Penertiban PKL Puncak Bogor, Sebagian Pedagang Tolak ke Rest Area Gunung Mas

Penertiban PKL Puncak Bogor, Sebagian Pedagang Tolak ke Rest Area Gunung Mas
penertiban pedagang di Jalan Raya Puncak, Kabupaten Bogor, Jawa Barat,

Bogor -rilisberita.com // Relokasi dan penertiban pedagang di Jalan Raya Puncak, Kabupaten Bogor, Jawa Barat, berlangsung pagi ini. Pj Bupati Bogor, Asmawa Tosepu menegaskan penertiban dilakukan untuk memanfaatkan rest area di Gunung Mas yang telah selesai dibangun.

"Yang namanya penolakan itu biasa, ini sebenarnya bukan penggusuran tetapi penertiban, penataan kawasan Puncak Bogor. Terutama sepanjang jalur ini, karena pemerintah pusat telah menyiapkan rest area dengan anggaran yang cukup fantastis, tapi tidak dimanfaatkan selama ini," kata Asmawa kepada wartawan di Puncak, Senin (24/6/2024).

"Pedagang yang tidak memiliki izin di sepanjang jalur Puncak ini memang harus dipindahkan, ditata di rest area," lanjutnya.

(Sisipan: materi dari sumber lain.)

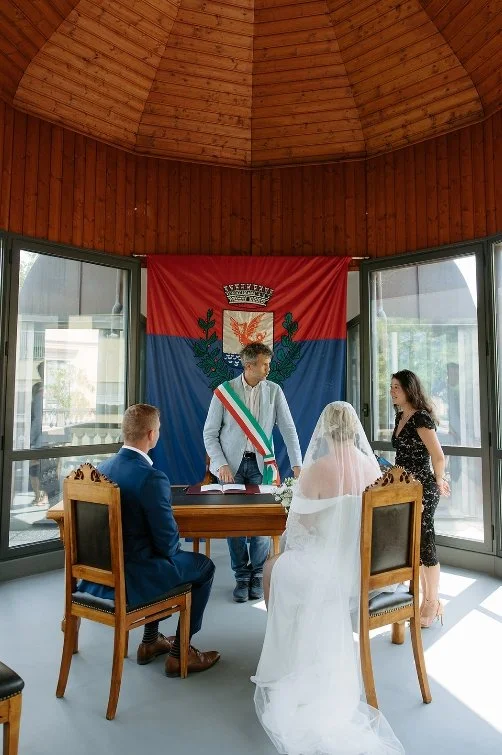Couple exchanging vows, civil wedding ceremony Italy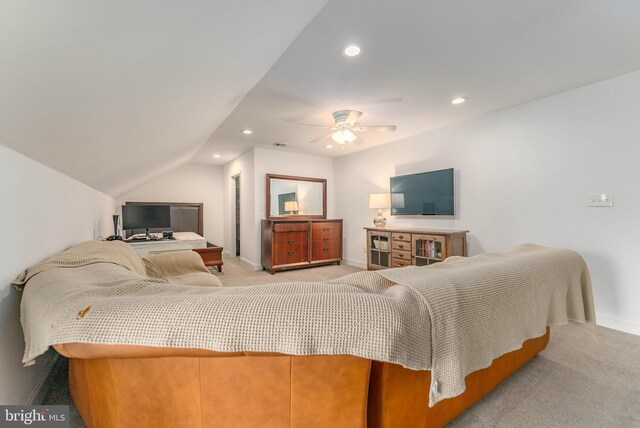 living room featuring light carpet, ceiling fan, and lofted ceiling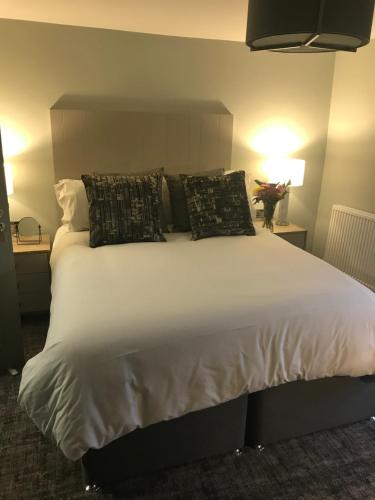 a bedroom with a large white bed with pillows at The Scotts Arms Village Inn in Sicklinghall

Asmawa mengatakan masih ada sekitar 80 pedagang yang menolak untuk direlokasi. Pedagang yang setuju, lanjutnya, ada sekitar 300.

"Masalah ada yang kontra wajar, tetapi itupun kurang lebih hanya 80 pedagang hari ini. Tetapi ada kurang lebih 300 pedagang yang sudah menaruh kontrak untuk menempati ini. Jadi porsinya 70% semuanya setuju," sebutnya.

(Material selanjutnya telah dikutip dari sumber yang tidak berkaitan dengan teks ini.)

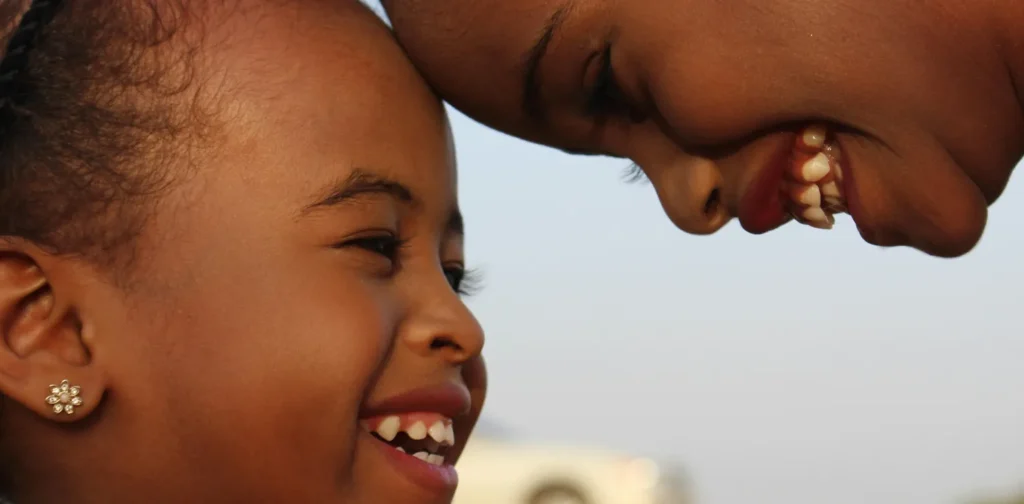 a close up of two smiling young girls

Asmawa mengatakan rest area tidak akan bisa dimanfaatkan dengan baik kalau masih ada peradagang di pinggir jalan. Sehingga menurutnya jalan satu-satunya adalah penertiban.

"Insentif yang diberikan pemerintah Kabupaten Bogor terkait pemanfaatan rest area ini misalnya 6 bulan ke depan dibebaskan retribusi. Kemudian jalur alternatif, jadi pihak Gunung Mas membuka sehingga keluar masuk itu lewat rest area, sehingga diyakini akan ramai," tuturnya.

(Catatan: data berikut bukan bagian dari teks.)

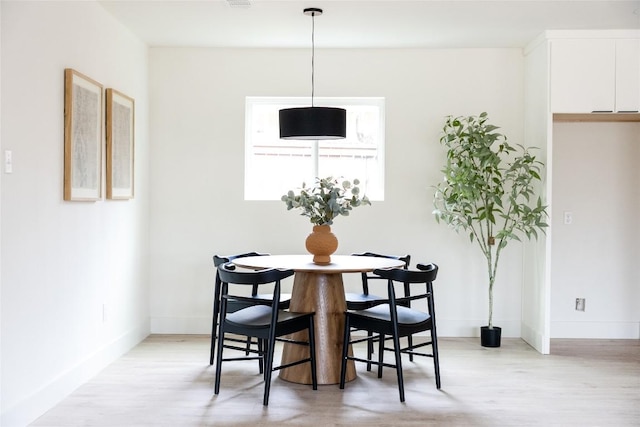 5731 Wellington Dr, Austin, TX 78723 - dining room featuring light wood-type flooring and baseboards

"Kemudian fasilitas lainnya misalnya penyambungan air bersih dibuatkan gratis juga. Dibuatkan event-event di sini, sehingga tetap ada konsentrasi massa di rest area, itu yang sudah kita siapkan," tambah Asmawa.

Berdasarkan hasil audiensi dengan pedagang, masih ada terus yang menolak. Namun dia mengatakan jauh sebelumnya sudah ada kesepakatan pedagang dengan DPRD.

"Hasil audiensinya memang ada yang menolak untuk dilakukan, tapi sampai kapan. Sementara Perda ini dari tahun 2015. Ingat, ada kesepakatan oleh pedagang dengan DPRD tahun 2005, mereka yang justru minta dibangun rest area. Setelah dibangun gimana, kok tidak dimanfaatkan. Itukan pertanyaan, berapa banyak uang yang habis di sini dan tidak termanfaatkan," ungkapnya.

Diharapkan dengan beroperasinye rest area itu dengan optimal, perekonomian masyarakat bisa meningkat. Asmawa mengatakan pedagang yang menolak alasannya karena sudah nyaman.

"Karena mereka sudah nyaman (yang menolak)," ucapnya.